INEP Revalida - Exame Nacional de Revalidação de Diplomas Médicos — Prova 2023

Enunciado

Uma paciente com 20 anos foi atendida na emergência de hospital secundário, vítima de queimadura acidental em membros superiores e parte anterior do tórax, ocorrida há 30 minutos. Consciente e orientada, queixa-se de dor no local das queimaduras e de náusea. Ao exame físico, observam-se membros superiores com hiperemia e bolhas em toda a extensão; pressão arterial de 80 × 50 mmHg, frequência cardíaca de 120 batimentos por minuto, frequência respiratória de 35 incursões respiratórias por minuto, índice de massa corporal de 40 Kg/m2. Foi realizada tentativa de acesso venoso central em veia femoral direita, sem sucesso. Acesso central subclávio direito bem-sucedido.
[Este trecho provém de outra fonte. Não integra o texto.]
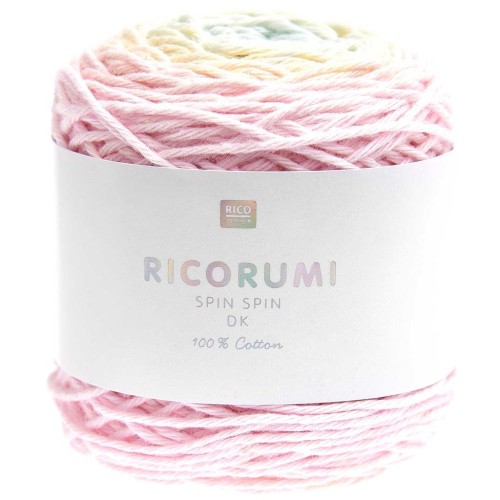 Ricorumi Spin Spin algodón de Rico Design para Amigurumi - Arco iris pastel x50g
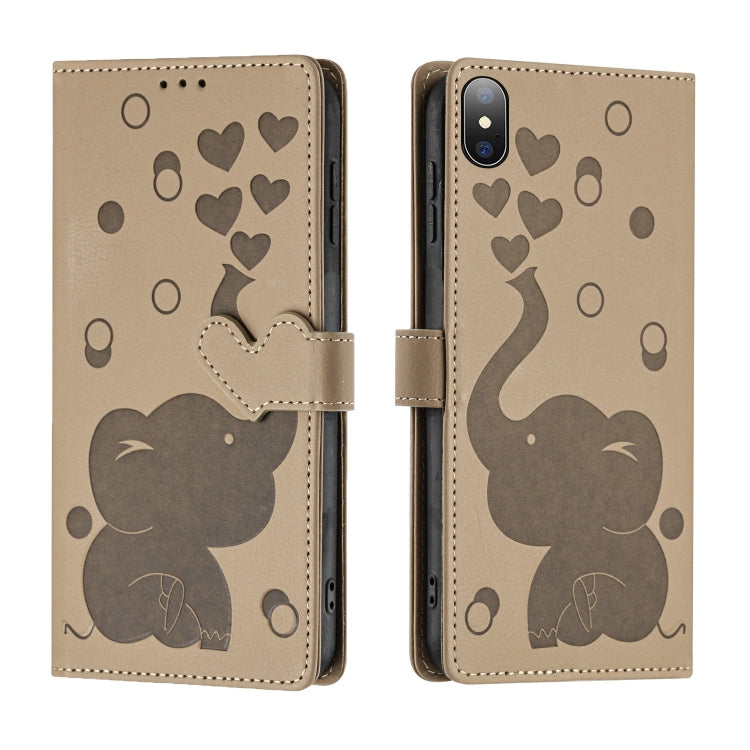 Cartoon Elephant Embossed Leather Phone Case, For iPhone XS Max, For iPhone 8 Plus / 7 Plus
Cerca de 25 minutos após o início da hidratação e da analgesia intravenosa, a paciente refere "falta de ar". Foi solicitado raio X de tórax, que mostrou a imagem a seguir.Considerando a complicação mais frequente no acesso venoso profundo por via subclávia no contexto do caso apresentado, a imagem mostra

Alternativas

  1. A) pneumotórax, impondo intervenção imediata para drenagem e descompressão.
  2. B) hemotórax, comprimindo estruturas e impondo intervenção imediata para drenagem e descompressão.
  3. C) hidrotórax, recomenda-se nova punção contralateral, via jugular, para se estabelecer nova via de acesso central.
  4. D) elevação diafragmática direita, por paralisia frênica, recomenda-se nova punção contralateral, via jugular, para se estabelecer nova via de acesso central.